Brief descriptive captions:
>>
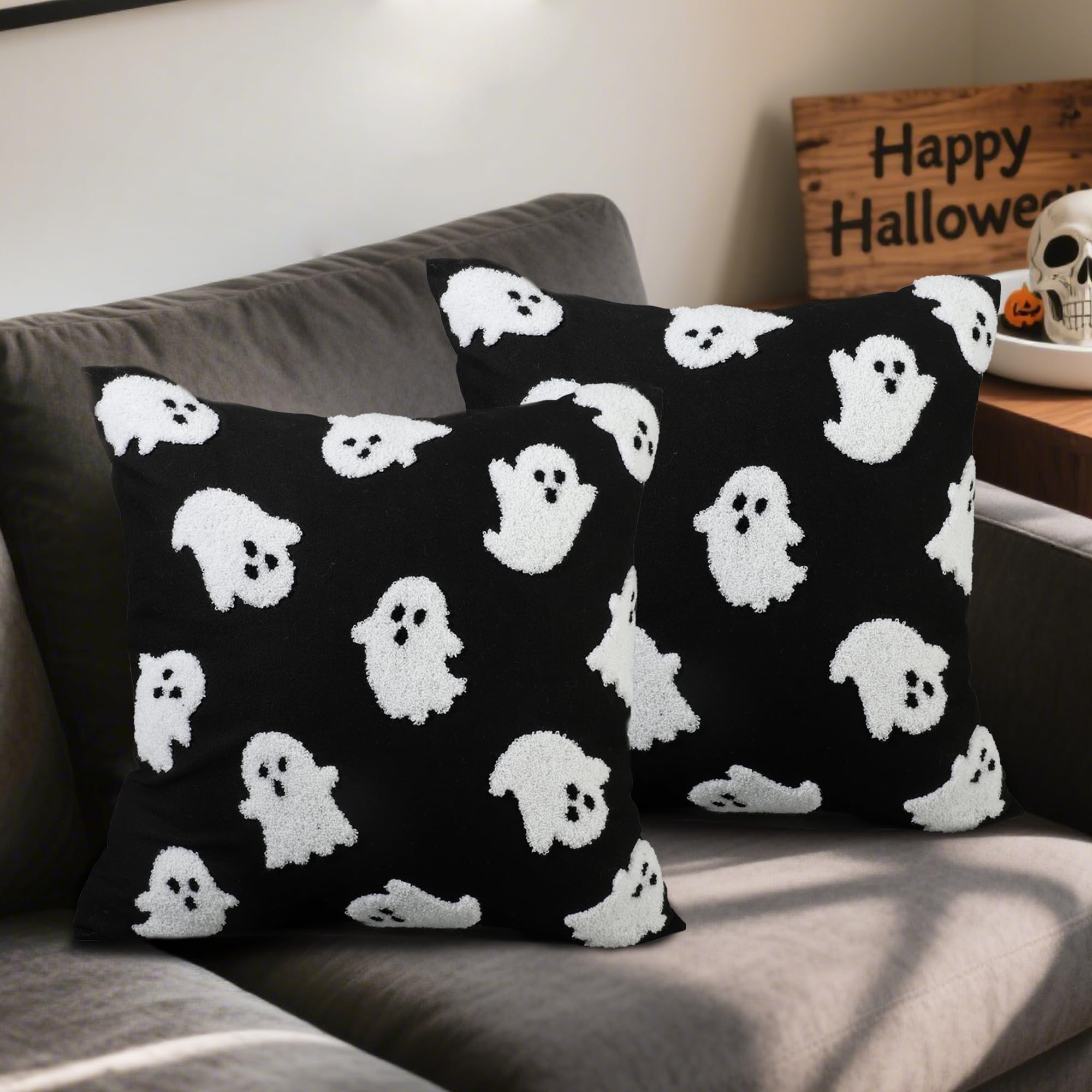 Photo 1 of 2PCS Halloween Pillow Covers 18 x 18 Inch White Ghost Throw Pillow Cases 3D Embroidered Cushion Covers Halloween Black Decorative Pillowcases for Sofa Couch Bed Living Room Home Indoor Outdoor Decor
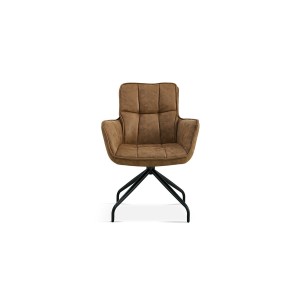 Chaise pivotante en tissu brun clair pour salle à manger. Collection IBIZ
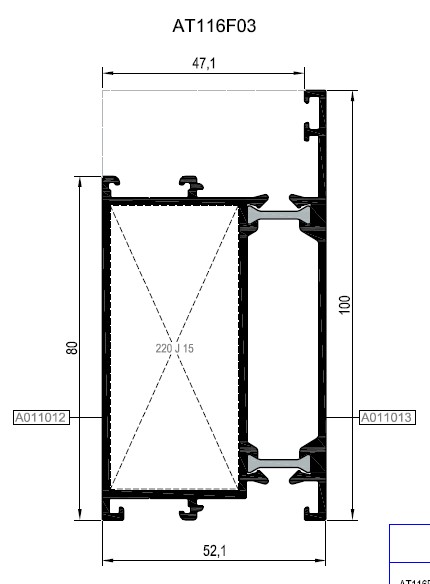 AT116F03 ALM. PROFİL 7016 TEXTURE RST116 14,8MM ISI YALITIMLI KASA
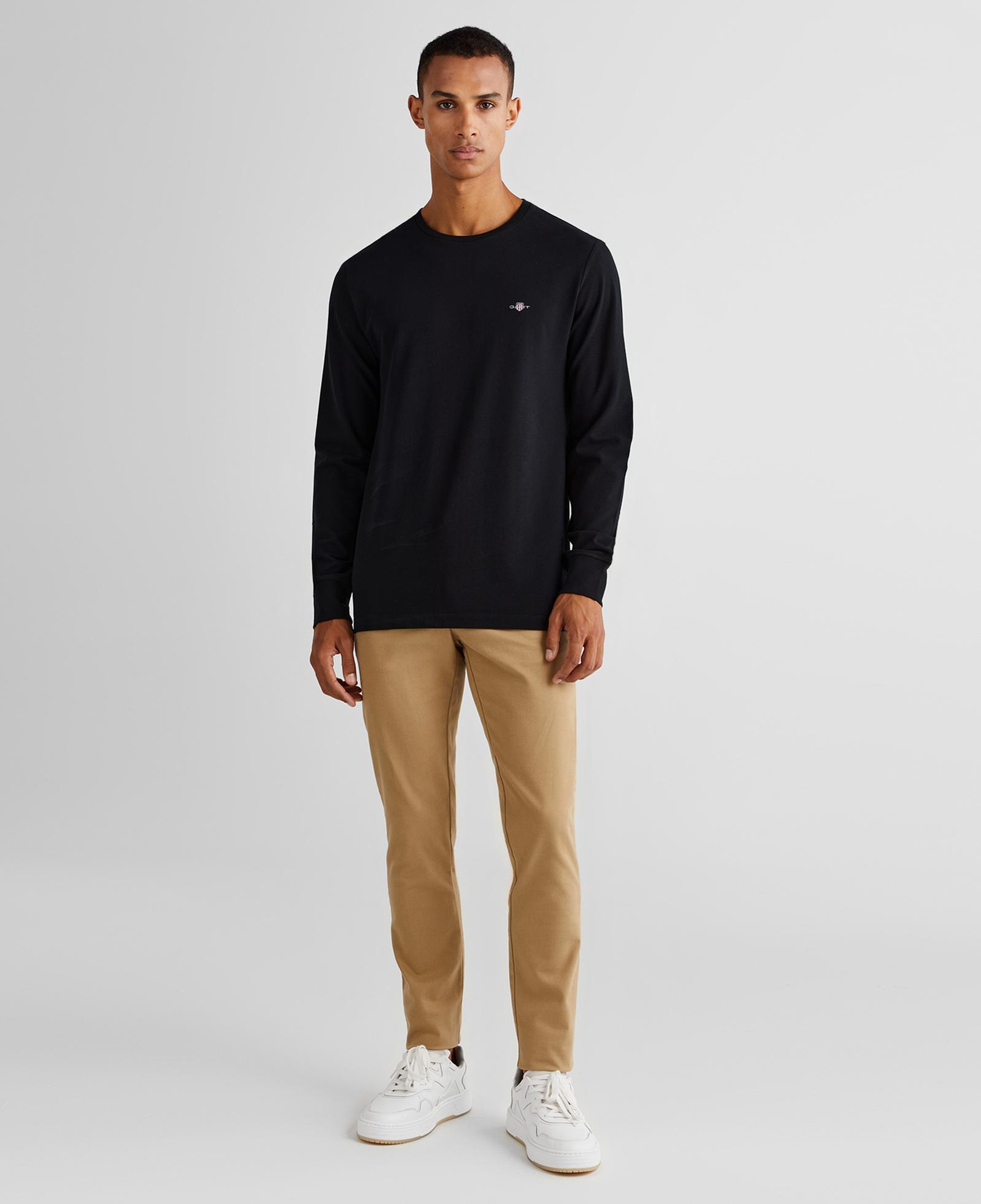 GANT Erkek Siyah Slim Fit Bisiklet Yaka Uzun Kollu T-Shirt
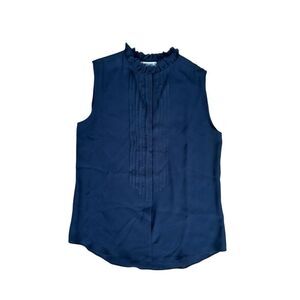moschino silk ruffle collar sleeveless blouse navy blue ruffle front women’s 8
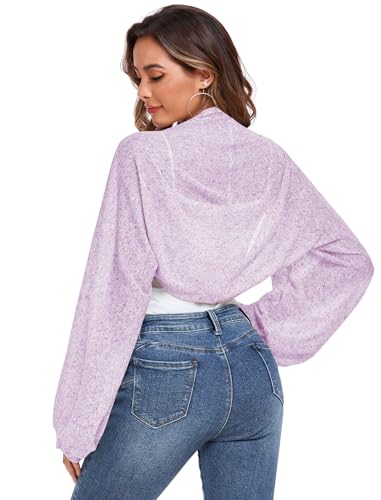 Image of ZAFUL Women's Sheer Shrug Y2K Long Sleeve Cardigans 2026 Irregular Tie Front Bolera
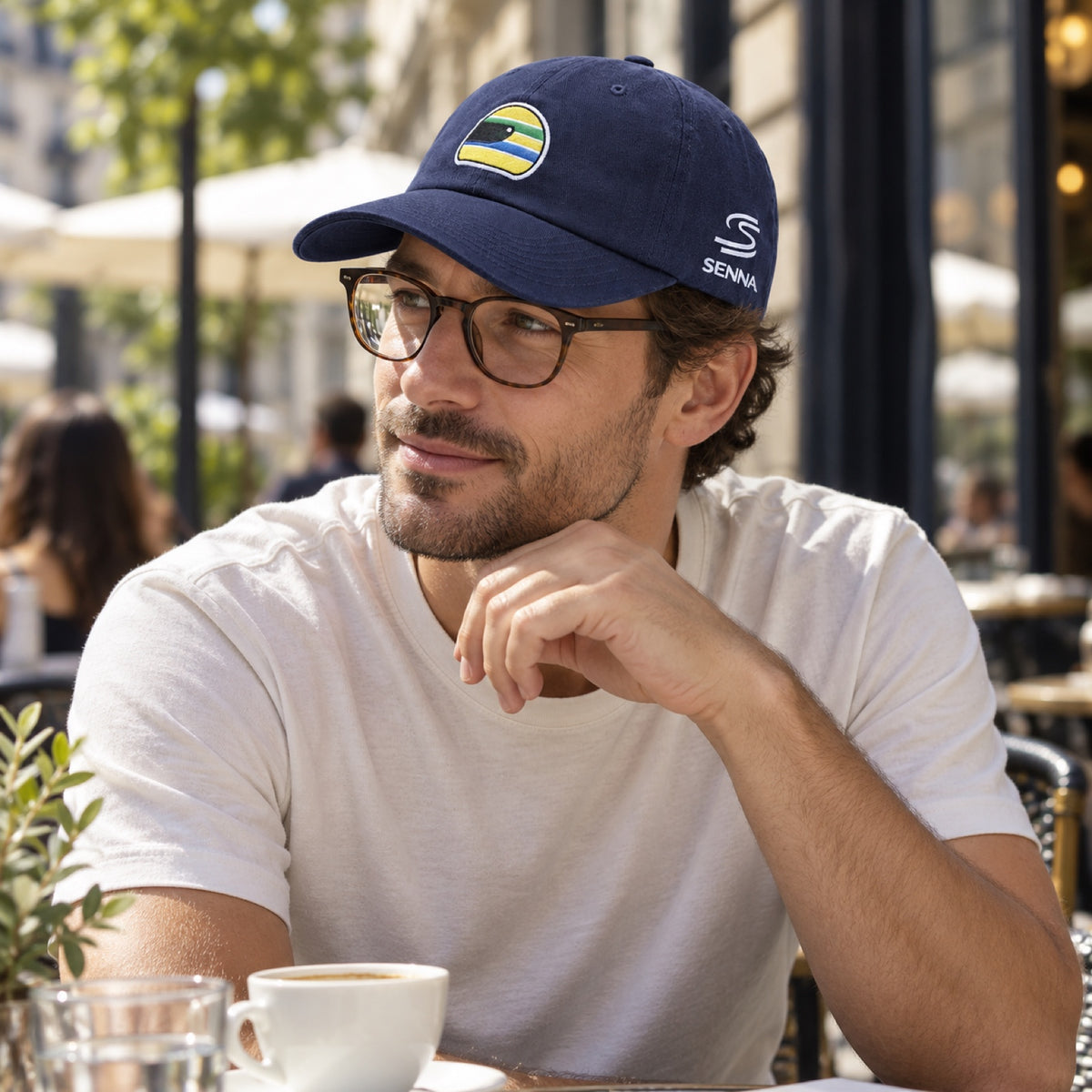 Ayrton Senna Helmet Cap – Navy Blue – illustrative photo (AI)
<<
An exact copy of the lines from the one with "Chaise pivotante en" through the last line of the records, inclusive, is required, with all pictures left out.

 Chaise pivotante en tissu brun clair pour salle à manger. Collection IBIZ
 AT116F03 ALM. PROFİL 7016 TEXTURE RST116 14,8MM ISI YALITIMLI KASA
 GANT Erkek Siyah Slim Fit Bisiklet Yaka Uzun Kollu T-Shirt
moschino silk ruffle collar sleeveless blouse navy blue ruffle front women’s 8
 Image of ZAFUL Women's Sheer Shrug Y2K Long Sleeve Cardigans 2026 Irregular Tie Front Bolera
 Ayrton Senna Helmet Cap – Navy Blue – illustrative photo (AI)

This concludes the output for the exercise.